Rails query execution causes database spikes Rails query execution causes database spikes multithreading multithreading

Rails query execution causes database spikes


I would suggest a couple of things - two possible solutions, one testing/reproduction approach, and one suggestion for deeper metrics.

1) Possible quick solution: Spin-off that 1 minute job so it is non-blocking. See if the problem resolves from that. Try using Redis+Sidekiq which is pretty simple to get up and running (or something similar).

2) Second possible solution: Look for any full table locks or exclusive row locks being made to Postgres - see if you EVER make full table locks, and if so, find the offending statement and eliminate it.
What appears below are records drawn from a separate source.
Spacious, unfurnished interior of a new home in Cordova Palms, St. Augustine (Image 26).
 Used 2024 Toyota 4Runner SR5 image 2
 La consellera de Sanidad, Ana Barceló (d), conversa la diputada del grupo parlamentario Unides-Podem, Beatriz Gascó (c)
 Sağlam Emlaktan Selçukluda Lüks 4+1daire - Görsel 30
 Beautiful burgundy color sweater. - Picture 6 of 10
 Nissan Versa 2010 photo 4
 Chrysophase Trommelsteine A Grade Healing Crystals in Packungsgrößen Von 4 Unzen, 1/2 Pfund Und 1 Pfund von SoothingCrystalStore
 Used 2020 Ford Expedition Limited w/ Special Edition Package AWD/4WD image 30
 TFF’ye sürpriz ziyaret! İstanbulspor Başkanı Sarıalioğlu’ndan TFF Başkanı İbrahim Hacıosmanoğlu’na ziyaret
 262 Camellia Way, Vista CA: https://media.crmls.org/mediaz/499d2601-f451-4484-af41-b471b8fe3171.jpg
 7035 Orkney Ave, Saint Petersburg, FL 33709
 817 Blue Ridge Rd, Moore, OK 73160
3) Testing/replication: For testing, see if you can replicate this problem outside of production. I'd recommend jmeter as a very useful tool to simulate a lot of requests and requests of different types, and see if you can repro this in a controlled/staging context. Consistent replication is the key to resolving issues like this. Refer to your production server logs around the time that the issue occurs to generate your jmeter test requests that will hopefully help reproduce the issue.

If you can figure out a way to replicate it, then you can start tuning the simulation to see if removing or increasing/decreasing various requests eliminates the problem or changes the problem in some way..

4) Analytics: Install NewRelic or similar analytics gem to get a deeper insight into what's going on when that request comes in. You really want to get a solid picture as to whether the request is truly blocked in Postgres (by an exclusive row/table lock that is blocking your query) or whether you are backed up by a slow running query in the Puma execution queue, or somewhere inside Ruby there's an unfortunate wait state somehow.

You don't yet have enough information to solve this issue, so you really want to start exploring solutions by collecting data, alongside hypotheses of what's happening.

My general strategy for this kind of problem is (in this order):

  • Try some quick/easy/safe fixes (in the blind) and see if anything is resolved/changed.
  • Try to replicate in a non-production environment (really, really try to make this work).
  • Instrument the system to collect data to see what you can learn about the problem and anything related.